_Task description:_
Write out exactly the lines from the one that contains "Fog and Forest II Fine Art Print" down to the last line of the material below, keeping both ends and omitting pictures.

_Supplied material:_
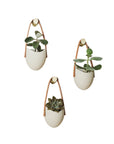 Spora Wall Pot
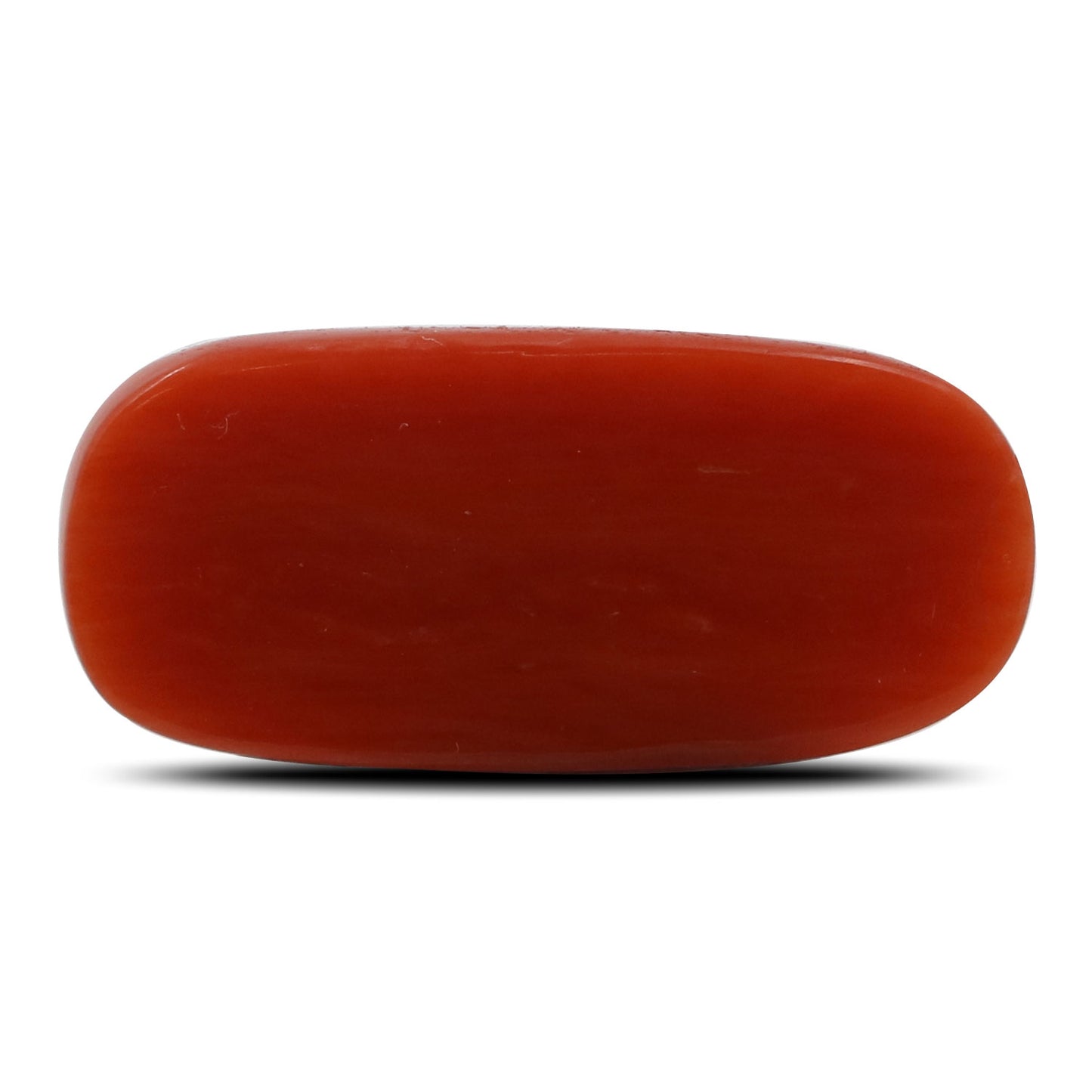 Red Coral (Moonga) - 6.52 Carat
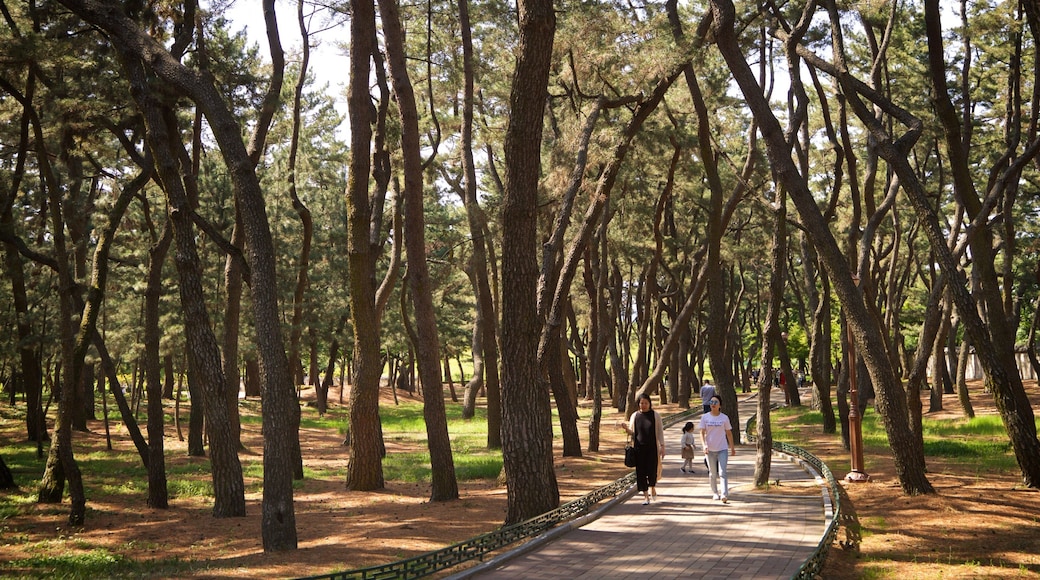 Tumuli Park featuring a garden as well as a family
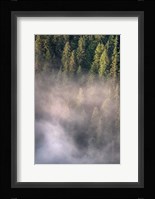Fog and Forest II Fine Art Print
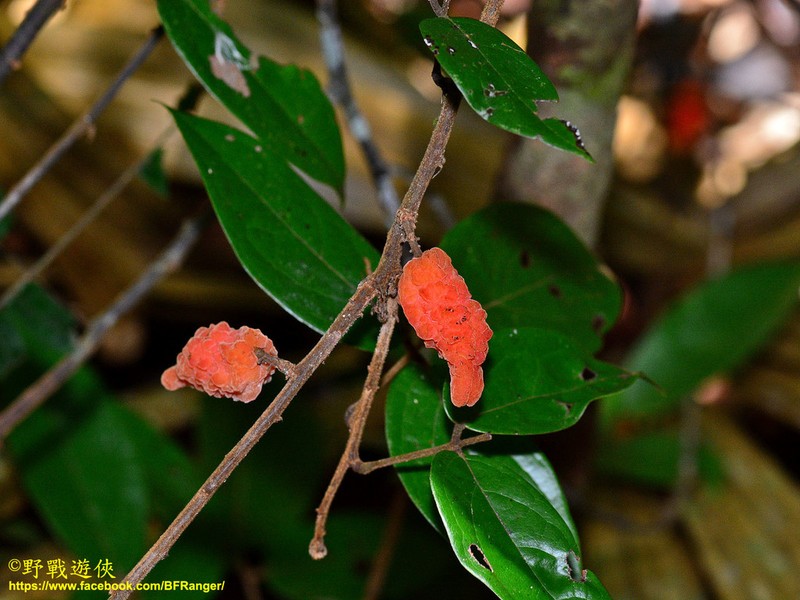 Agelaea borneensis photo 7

_Output for this exercise:_
Fog and Forest II Fine Art Print
 Agelaea borneensis photo 7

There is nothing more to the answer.